--- Activity ---
Pictures stay out of the copy. Retype exactly the lines below from the one with "Apartment Mountain Stummerberg" through the one with "- изображение 2".
[Records to use]
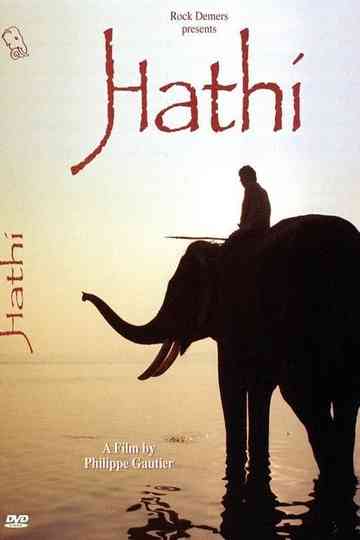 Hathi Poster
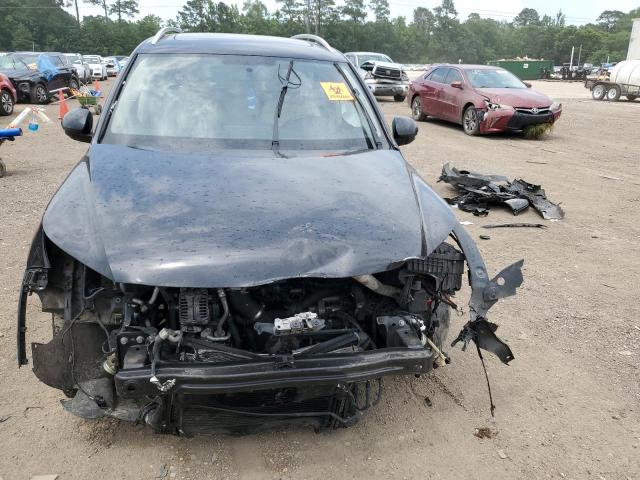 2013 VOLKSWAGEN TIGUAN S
[/Records to use]
[Records to use]
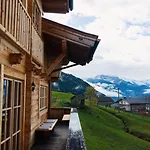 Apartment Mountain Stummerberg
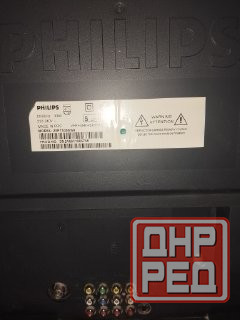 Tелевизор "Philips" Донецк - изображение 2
[/Records to use]
--- Exercise output ---
 Apartment Mountain Stummerberg
 Tелевизор "Philips" Донецк - изображение 2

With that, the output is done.